Secondly, religion might be irrational but it does play a big role in people’s lives – for some people it provides reasons to live that go beyond the boundaries of the material. Those terrorists who flew planes into the world trade towers did believe they were going to a better place because of what they did – we have no reason to doubt this. Indeed, religion and spiritual worldviews are the only reason people ever reject rational, worldly reasoning in favour of the promise of an afterlife. If it turned out that they did not believe in what they said they did, then we would be at a loss to explain their behavior (peer pressure starts to become a weak motivation when it forces you to kill yourself in a place where your pressuring peers have little influence…). So if Greenwald were to use this counter argument, he would arbitrarily be doubting the sincerely stated beliefs of the religious – in this case Muslims. That is the very definition of xenophobia – doubting other people’s sincerity based on their cultural difference to you, whereas your own sincerity is obviously intact.

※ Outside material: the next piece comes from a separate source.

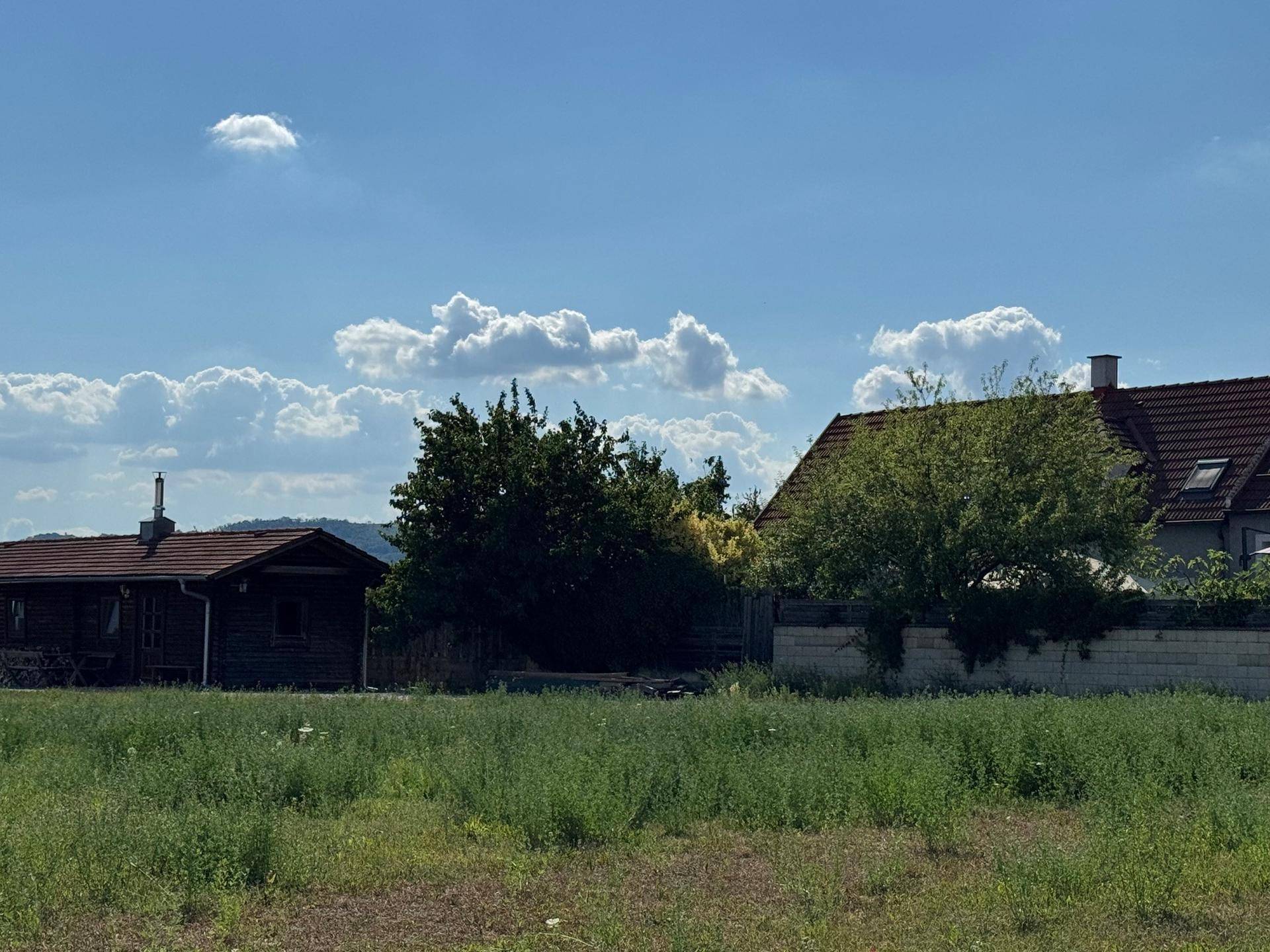 Blick über eine grüne Wiese auf eine charmante Holzhütte und weitere Häuser in der Ferne.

The only thing to take away from the debate – which, unfortunately, is one of liberals barking up an ever more distant tree – is to ensure that Islam is not isolated in the theory on the problems of faith. All religions are problematic in providing this justification for almost anything you want to believe and thus the separation of individual beliefs from rational consistency, not just Islam. In the west, we have started chipping away at Christianity’s stranglehold and have been successful at progressing toward a secular, more rational state – one in which even the more religious people in society are largely rational in comparison to what they were centuries earlier. But this is the only reason why Islam is currently a bigger threat than Christianity. Islamic regimes fight secularisation with violence and so long as reason and skeptisism fail to seep into public consciousness in these countries (or even into Western thought about these regimes) then Islam will always be a bigger threat to human safety than the likes of Christianity.

It isn’t xenophobic to identify these problems, but it arguably is xenophobic for liberal journalists to ignore them whilst maintaining a veneer of being ethically consistent; such a position requires xenophobic arguments about the sincerity of cultural beliefs.